Of particular interest in the report is the committee's view that failure to follow "specified good practice" should not in itself be considered misconduct or mismanagement, and that this should be "made clear in the commission's guidance to trustees". This pushes back on the proposed redraft of the commission's core guidance for trustees, The Essential Trustee (CC3). The regulator's finalised redraft of CC3 is expected soon.
HMRC online registration
HM Revenue & Customs has launched a new digital service that allows registration as a charity for tax purposes to be done online. In 2013, HMRC launched a service to allow claims for charity tax relief to be made online, but charities had to have already registered with HMRC using paper form ChA1 in order to make claims. At first, the service will be accessed from the Government Gateway, but will later move to Gov.uk Verify.
Tribunal appeal rejected
The charity tribunal has refused to allow appeals against Charity Commission decisions, including the opening of a statutory inquiry, by the national body for Jehovah's Witnesses congregations. The Watch Tower Bible & Tract Society of Britain had tried to bring a judicial review of the commission's decision, but it failed to persuade the High Court that the tribunal's powers were insufficient to provide it with the remedy it sought.

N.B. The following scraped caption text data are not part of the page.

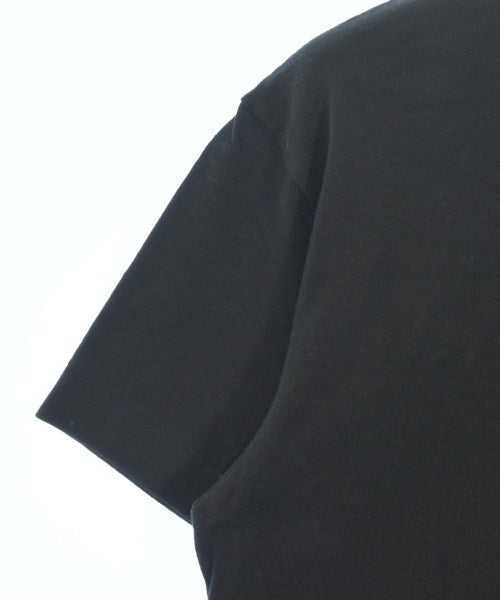 PLAY COMME des GARCONS เสื้อยืด/เสื้อท็อปส์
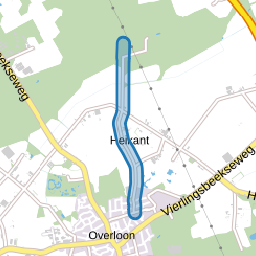 Heikantweg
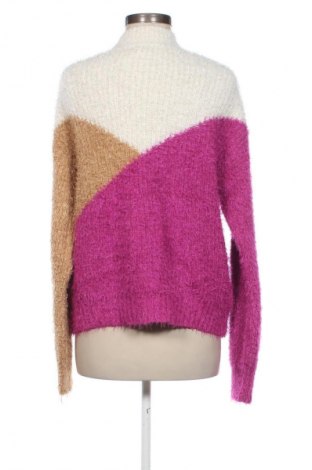 Damski sweter Laura Torelli, Rozmiar S, Kolor Kolorowy, Cena 38,99 zł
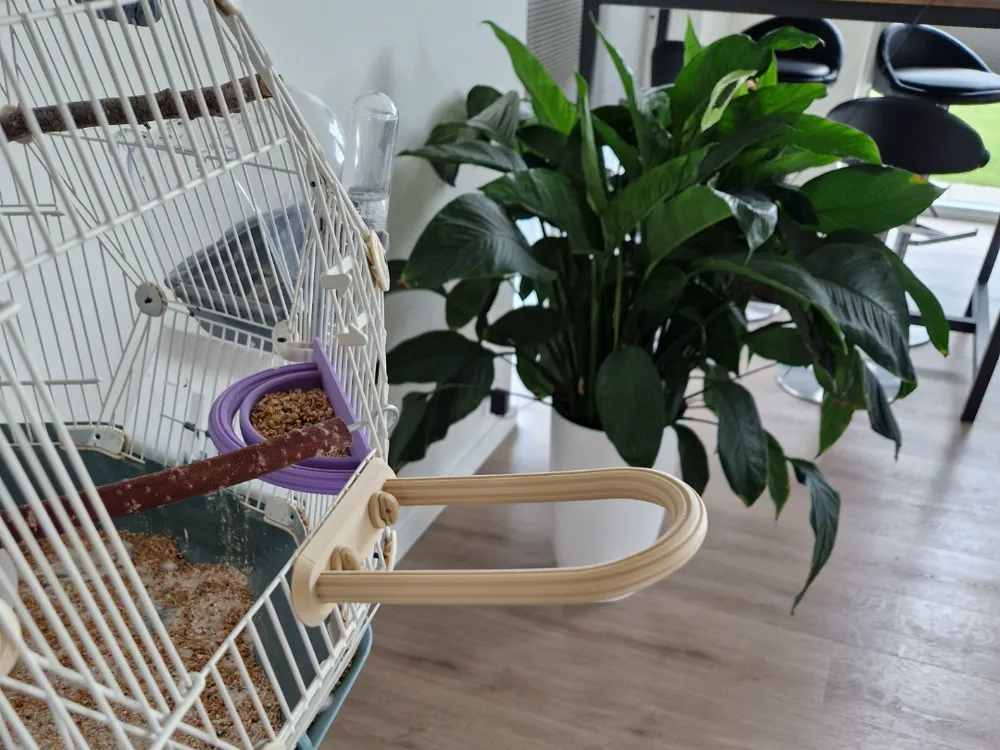 Bird stand - Bird Toys, Perches & Swings, in stock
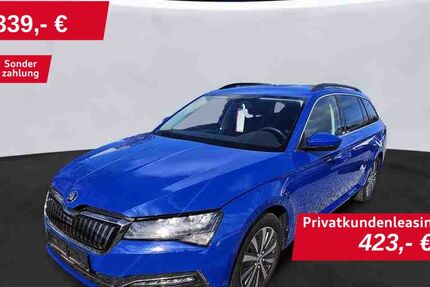 Skoda Superb 33.459 km 27.300 &euro; Mitterteich 95666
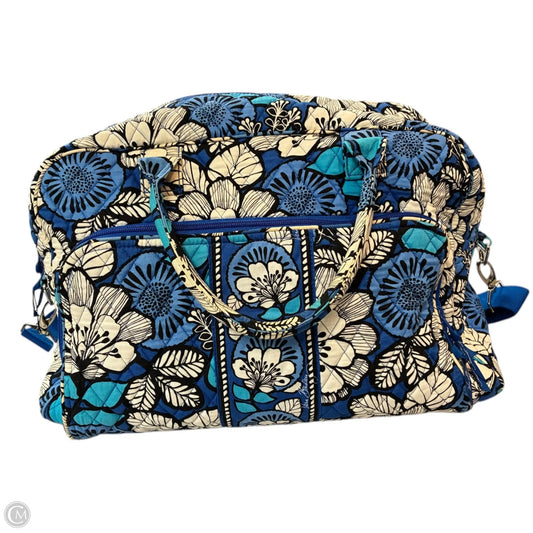 Duffle And Weekender By Vera Bradley, Size: Large
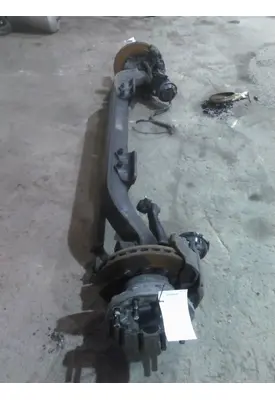 HENDRICKSON STEERTEK AXLE ASSEMBLY, FRONT (STEER)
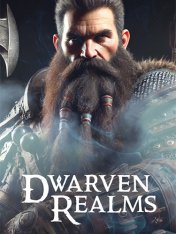 Dwarven Realms (2024)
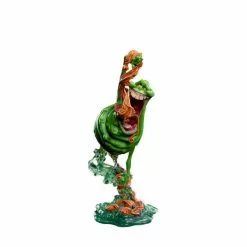 Ghostbusters Mini Epics Vinyl Figure Slimer 21 cm | Miniature Board Games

When it then brought a tribunal appeal, the tribunal refused to accept the application to appeal because it was too late. The tribunal criticised the charity's litigation strategy and said that it should have applied to the tribunal in time and then applied for a stay of proceedings pending a decision on the judicial review proceedings.
The commission's report on the charity BeatBullying, which became insolvent last year, has found no evidence of financial misconduct or mismanagement by the charity's trustees. The report highlights the serious risks for charities that have no reserves and rely heavily on a single method of funding, such as grants. It recognises that the hand-to-mouth nature of such funding and the restrictions that are attached to some grants mean that "even experienced charities with conscientious trustees at the helm can suffer and find themselves in a position where the charity has no choice but to close".